8 mai 1972 : la fin de la grève du Joint français

« Il aura fallu 8 semaines de grève, une dizaine d'entretiens avec le Préfet des Côtes du Nord, 3 négociations avec la Direction, des heures et des heures de discussion pour aboutir enfin à l'accord de samedi dernier, accord qui a donc été ratifié aujourd'hui par la majorité des ouvriers du joint français. »1

Nous sommes le 8 mai 1972 et la grève du Joint français vient de prendre fin. Par 641 voix contre 191, les ouvriers arrêtent un conflit social débuté le 13 mars, quand ils « demandaient une augmentation des salaires de 70 centimes par heure de travail et un treizième mois ». Mais loin de ne rester qu’un conflit à distance avec la direction parisienne qui avait décentralisé son usine à Saint-Brieuc en 1962 ; la grève prend une dimension  nationale au cours  du mois d’avril, notamment grâce à une photo devenue iconique qui met aux prises un manifestant et un CRS.

Manifestation à Saint-Brieuc lors de la grève du Joint français. Archives Ouest-France.

Au-delà de ce cliché, si la grève du Joint français demeure aussi bien accrochée à nos mémoires, c’est aussi parce qu’elle se termine par une victoire pour les ouvriers briochins. En effet, même si  leurs revendications ne sont pas totalement satisfaites, « ils ont [tout de même] obtenu 65 centimes d'augmentation en deux étapes et une prime fixe de fin d'année de 325 francs. » Le journaliste de l’ORTF qui relaye l’information juge que si « ces chiffres ne sont pas à première vue très élevés et pourtant c'est déjà beaucoup pour un OS [ouvrier spécialisé] du Joint, qui gagne en moyenne entre 800 et 1000 francs par mois dans cette usine  […] qui emploie 1000 personnes dont 60% de femmes ».

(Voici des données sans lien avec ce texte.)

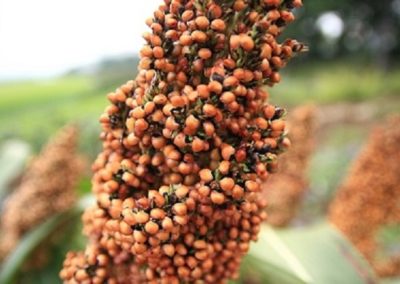 USDA and CSHL Finds Genetic Path to Double Sorghum Yield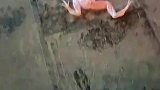 牛蛙经过处理后，竟还能在地上跳跃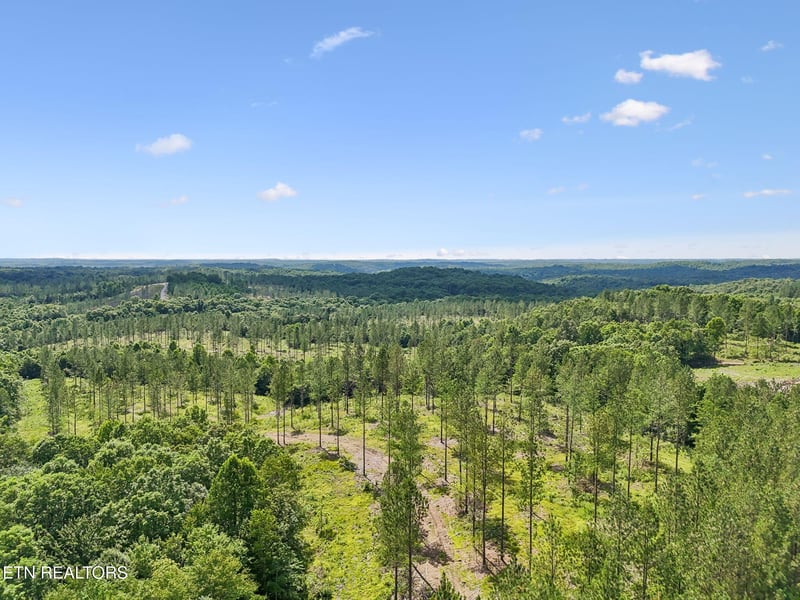 0 Sheep Ranch Rd #24, Robbins, TN 37852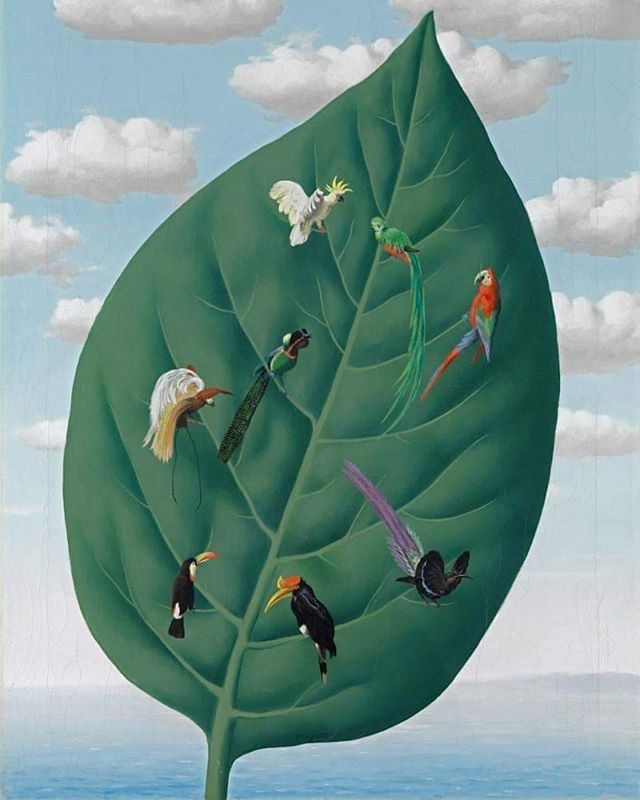 Is it possible that some animals are self-aware and think about their ability to think? 🌿

René Magritte • The Third Dimension (1942) •

#belgianartist #contemporaryart #renemagritte #oilpainting #nature #surrealism #brussels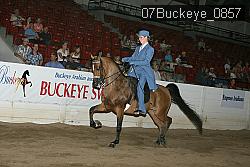 07Buckeye_0857 proof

En outre, la grève du Joint français a débordé du cadre des simples revendications d’ouvriers d’usine. Comme le raconte le journaliste : « un très long conflit donc s'est terminé aujourd'hui, un conflit qui a posé une nouvelle fois le problème de la décentralisation parisienne, une décentralisation pas toujours aussi simple qu'on veut bien le dire et qui ne va pas sans poser de problèmes notamment en ce qui concerne la main-d’œuvre et les salaires. »

Ces décentralisations parisiennes  des années 1960 étaient pourtant censées apporter la modernité en province, et en Bretagne plus particulièrement grâce au lobbying du CELIB. Cette modernité s’incarnait alors dans un discours politique qui accompagnait l’implantation d’industries de pointe  en Bretagne : l’usine Citroën de Rennes-La Janais, la centrale nucléaire de Brennilis, le radôme de Pleumeur-Bodou, ou bien le Joint français à Saint-Brieuc.
Cependant, au  cours de la décennie 1970, ce discours passe de moins en moins auprès de Bretons qui développent des revendications régionales. A Saint-Brieuc, au printemps 1972, celles-ci s’incarnent dans « un élan sans précédent de solidarité régionale » :

« Pendant 2 mois, les paysans et les commerçants de la région ont apporté viande, légumes et fruits. Pendant 2 mois, chaque dimanche, on quêtait à la sortie des églises pour les familles des ouvriers, pendant 2 mois et à tour de rôle, les municipalités de la région votaient des crédits exceptionnels. Pendant 2 mois enfin, galas de variété, représentations théâtrales et matches sportifs venaient gonfler la caisse des grévistes. A l'heure qu'il est près d'un million de nouveaux francs ont été récoltés et redistribués aux familles des ouvriers. »

Lors de la grève du Joint français. Collection particulière.

Un discours régionaliste se déploie même lors des concerts de soutien. C’est notamment Gilles Servat qui consacre une chanson à la grève : «  Ouvriers du Joint français / Paysans des grèves du lait / Vos actes sont la semence / D’où germent nos espérances ». Plus qu’un puissant symbole, cette chanson dit bien le glissement des luttes. Face aux difficultés qui frappent la décennie 1970, les revendications sociales et  économiques perdent peu à peu de la voix. C’est de plus en plus sur le terrain culturel que se joue le régionalisme. Par exemple, le combat  pour la langue  bretonne reprend de plus belle avec la création des premières écoles Diwan. Et d’ailleurs, en 1977, le président Valéry Giscard d’Estaing ne fait pas autre chose quand il accorde une charte culturelle aux Bretons ; quand ses prédécesseurs délocalisaient, quant à eux, des usines de région parisienne vers la Bretagne.

Thomas PERRONO

 

 

 

 

1 INA – L’Ouest en mémoire. « Fin de la grève au Joint Français à Saint Brieuc », Journal de 20h, ORTF, 8 mai 1972, en ligne.